Telkom “may introduce WiMAX” technology next year. This is according to CEO Papi Molotsane, Bloomberg reported today.
Molotsane was speaking at Satnac, a Telkom-hosted technology conference, at Spier outside Stellenbosch. This is the latest in a series of relatively opaque announcements made by Telkom about the actual deployment of WiMAX.
The fixed-line operator has been testing WiMAX since 2004. The technology (defined as Worldwide Interoperability for Microwave Access) essentially provides wireless broadband and allows telecommunications companies to offer so-called “last mile” connectivity to customers without laying copper (or fibre) cables.
Essentially, WiMAX connects your home or business to a telephone exchange.
South Africa’s second national operator, Neotel, said last week it will use WiMAX technology to connect customers to its network in most areas (where it does not have cable infrastructure).

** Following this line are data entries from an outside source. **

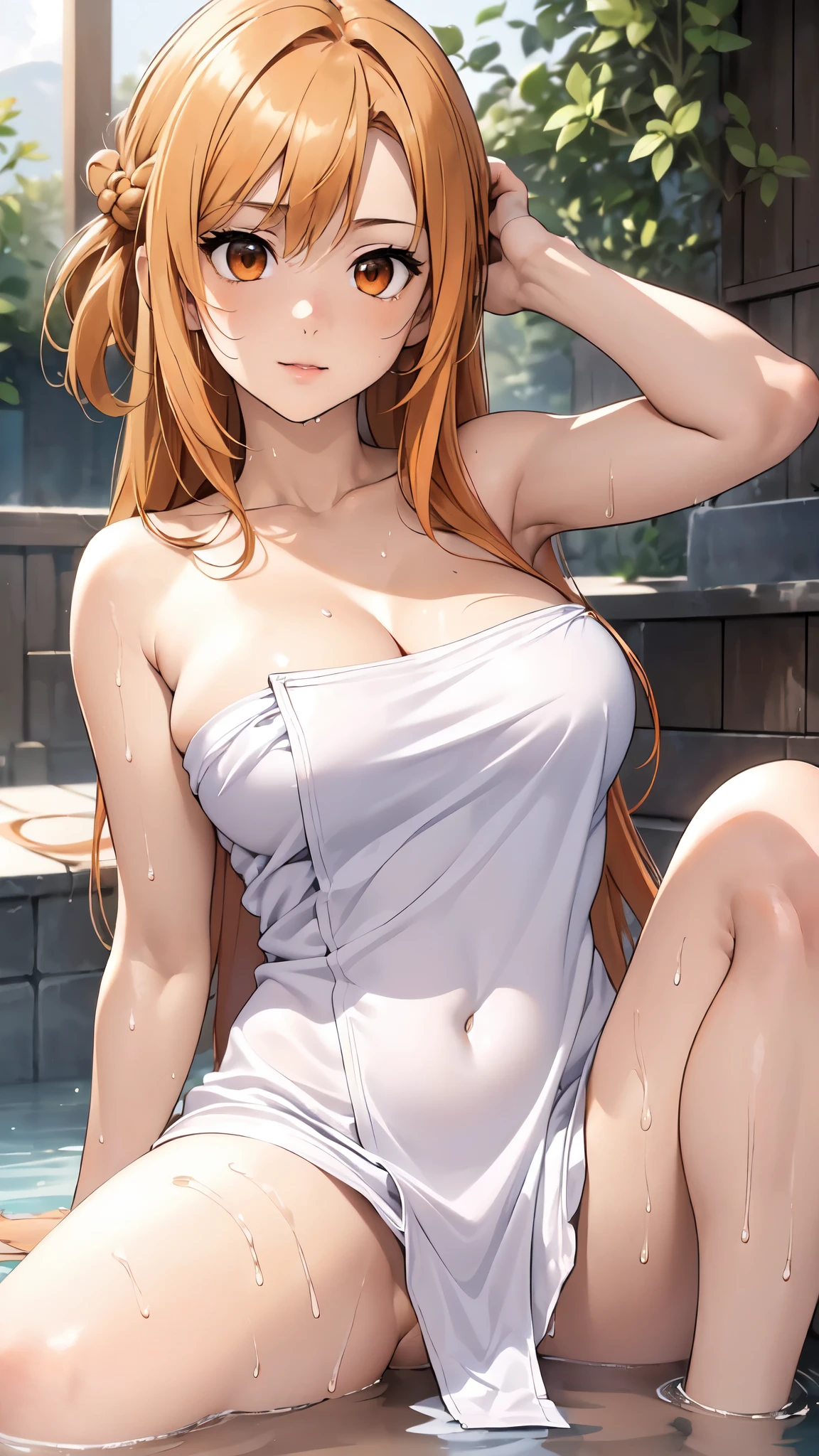 realistic, hyper detail,very precise detailed,ultra high resolution,extremely detailed CG unity 8k wallpaper,(Realistic,Photorealsitic,hyper realisitic:1.5), (NSFW:1.3),smile,blush,girls only, Longhair, dynamic lighting, ((bold imaginative poses)), (Glossy skin:1.5), masterpiece, highest quality, disorganized, Audience,(Wearing a bath towel:1.4), (orange hair:1.4),(crown half up hair:1.5),(orange eyes:1.4),(spread your legs:1.4),((beautiful, fine eyes:1.3)),(wet clothes:1.4), thin, High resolution, sharp focus, Depth of the bounds written, eye for detail, clear eyes, ((Aesthetic Anime Eyes:1.4)), outdoors, sunrise sky,Open-air bath at a long-established hot spring inn,(Wearing a bath towel:1.4)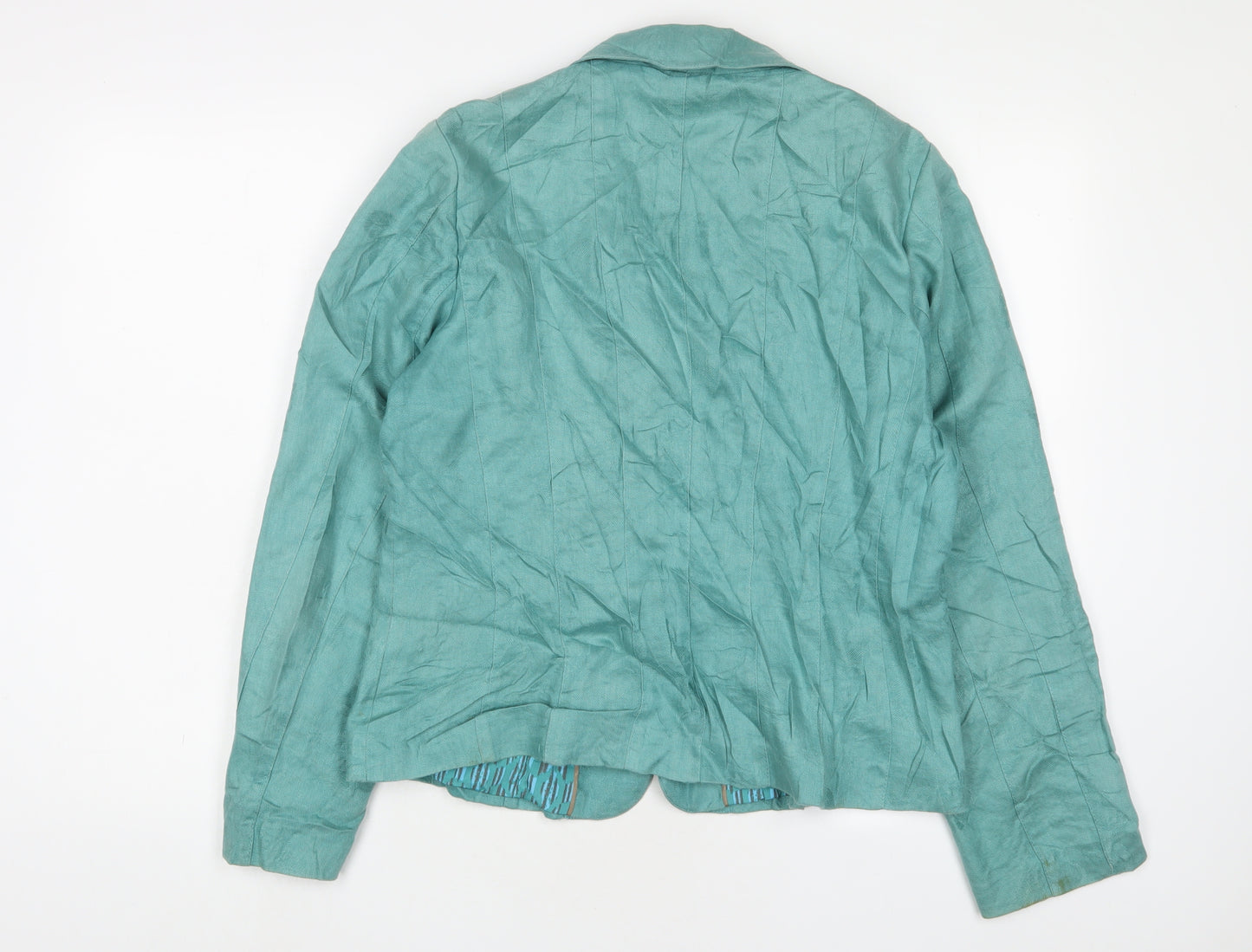 Per Una Womens Blue Jacket Blazer Size 16 Button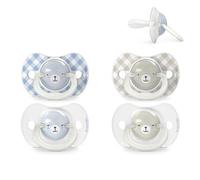 Suavinex, Pack de 4 Chupetes que Brillan en la Oscuridad, Bebés 6/18 Meses, para Dormir, con Anilla Fluorescente y Tetina Fisiológica SX Pro de Silicona, Plana y Flexible, Azul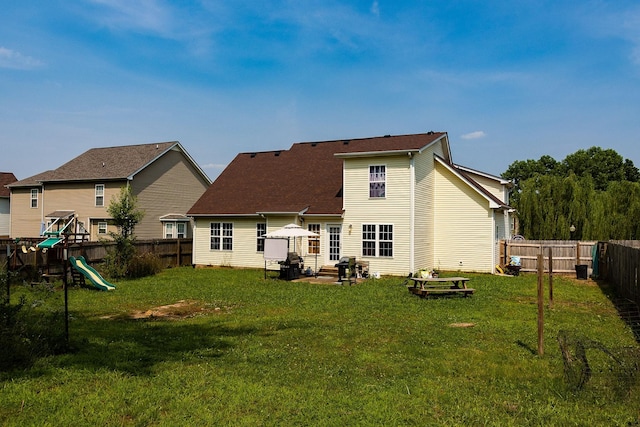 674 Superior Ln, Clarksville, TN 37043 - rear view of house featuring a fenced backyard and a playground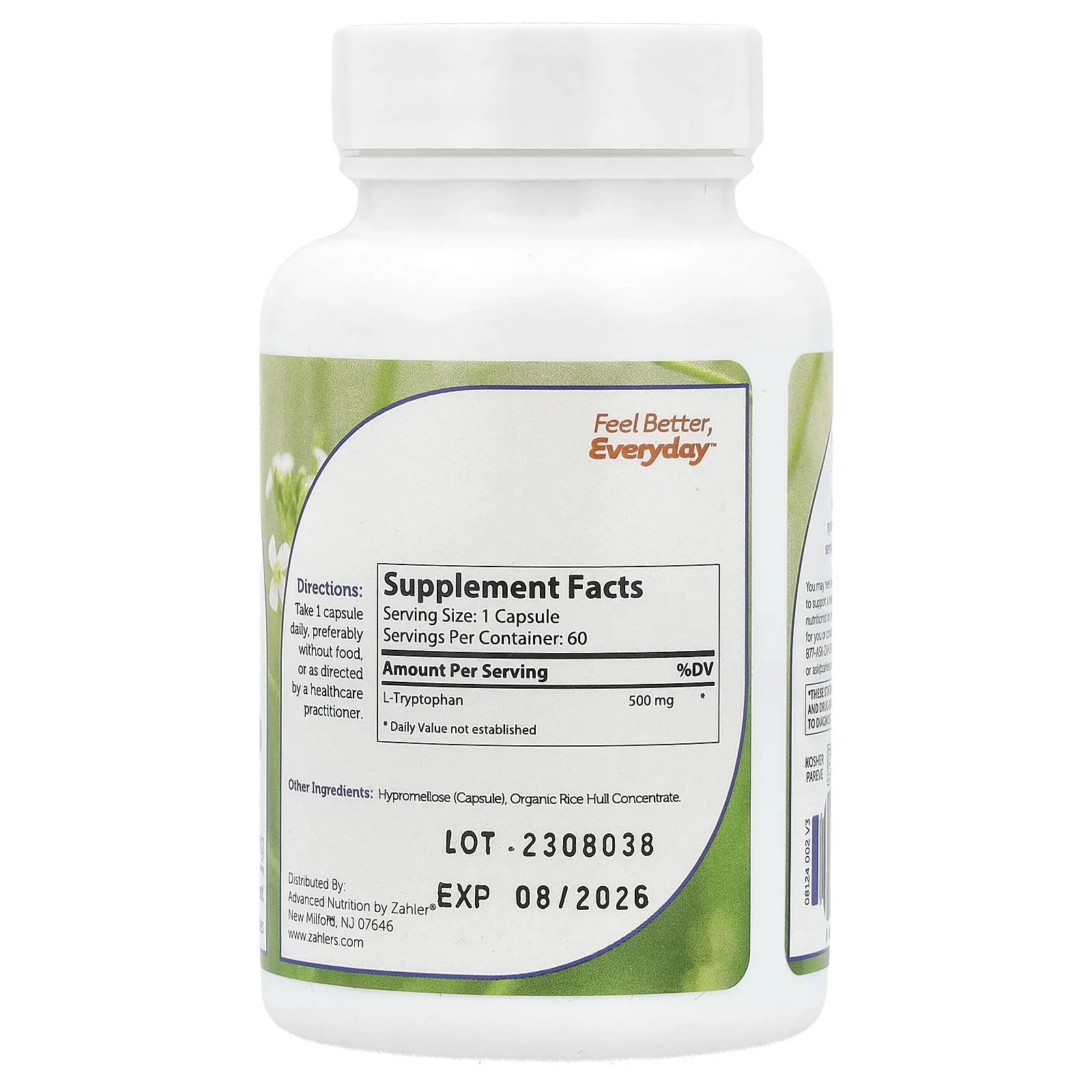 Zahler, L-триптофан, очищенный L-триптофан, 500 мг, 60 капсул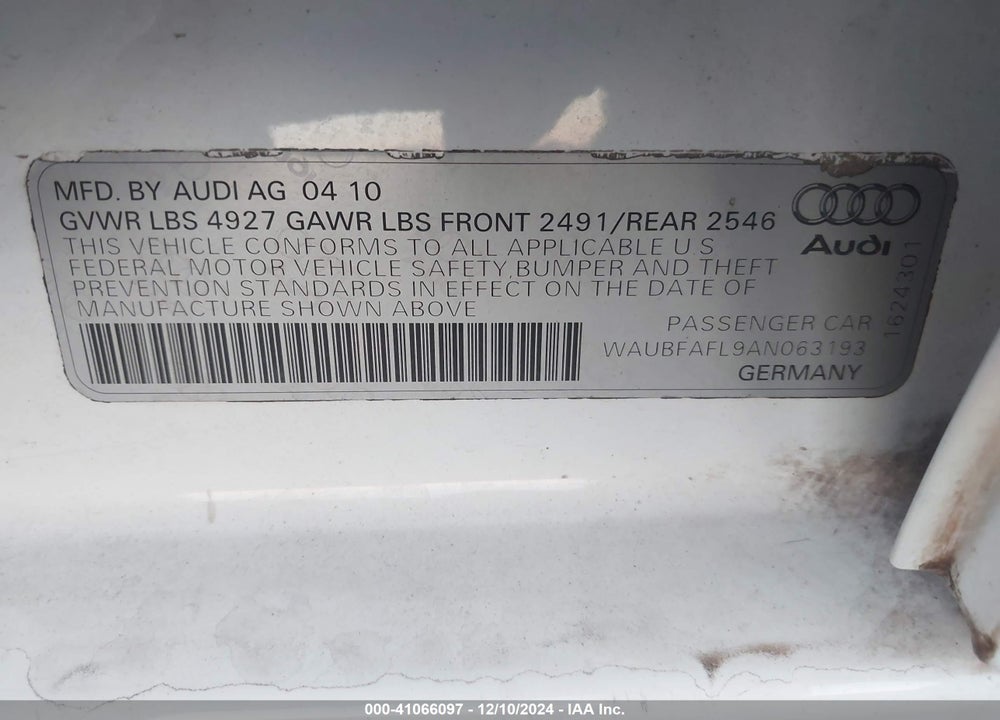 2010 AUDI A4 2.0T PREMIUM VIN: WAUBFAFL9AN063193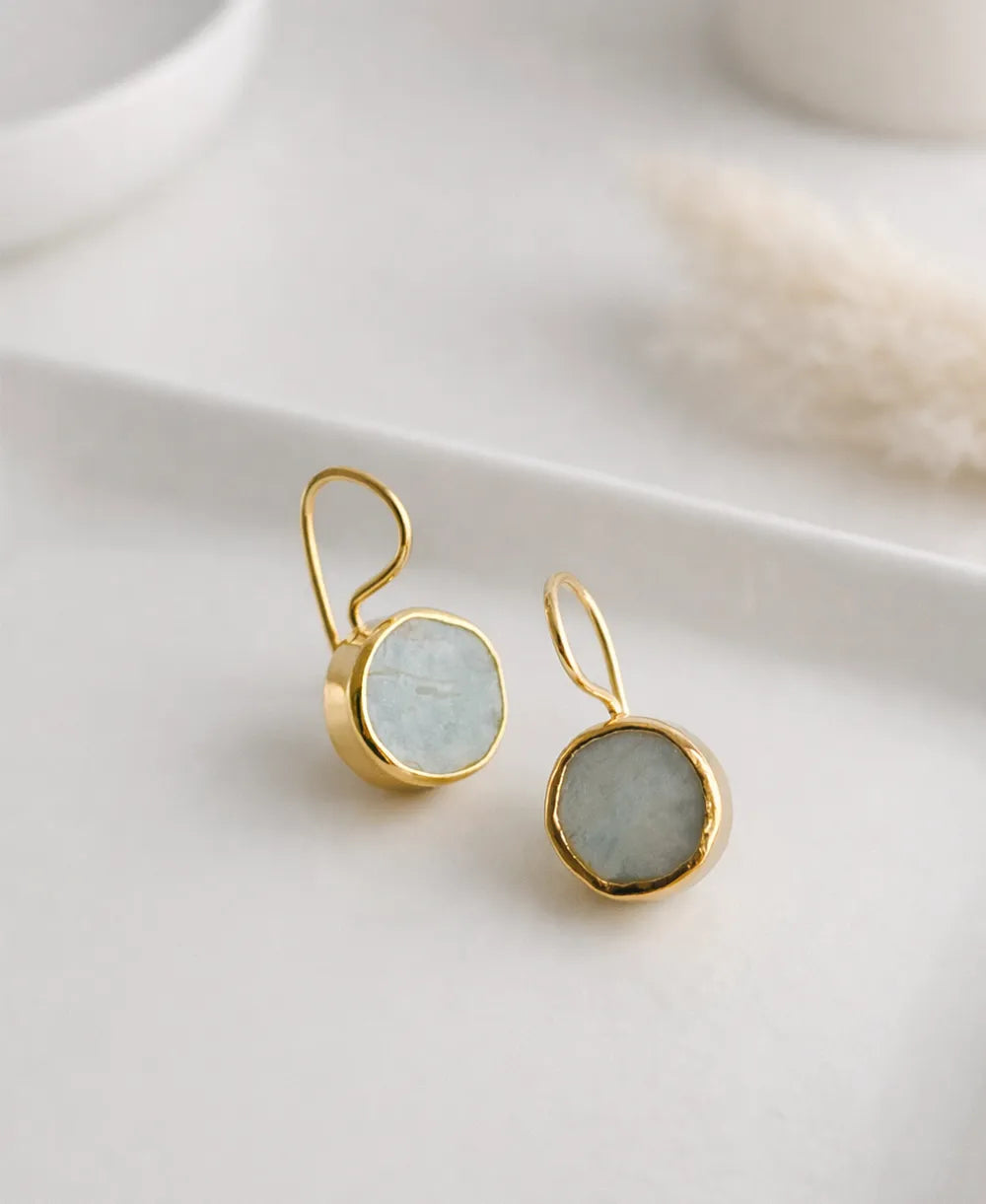 Natural Amazonite Round Drop Earrings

WiMAX will form part of Telkom’s next generation network (NGN) to be completed by 2010.
On announcing Telkom’s R30bn capital expenditure programme (which includes the NGN) in April, chief sales and marketing officer, Wally Beelders, said that one of its key strategies is to take advantage of fixed-mobile opportunities (including WiMAX).
Telkom also reiterated in its most recent results presentation that WiMAX is a key project related to its NGN, and that it will begin deploying a network to complement its ADSL rollout.
In presentations to analysts this year, Telkom has highlighted WiMAX as a technology that will be commonplace in “less than two years”.
At the end of last year, Rudolph Muller predicted that WiMAX would “become commercially available in SA during 2006”. He cautioned, however, that consumers would have to wait for 2007 for extensive availability of the technology.
Telkom has an agreement with Intel to trial WiMAX in SA.
All three of Gauteng’s Metros have partnered with the private sector to roll out WiMAX.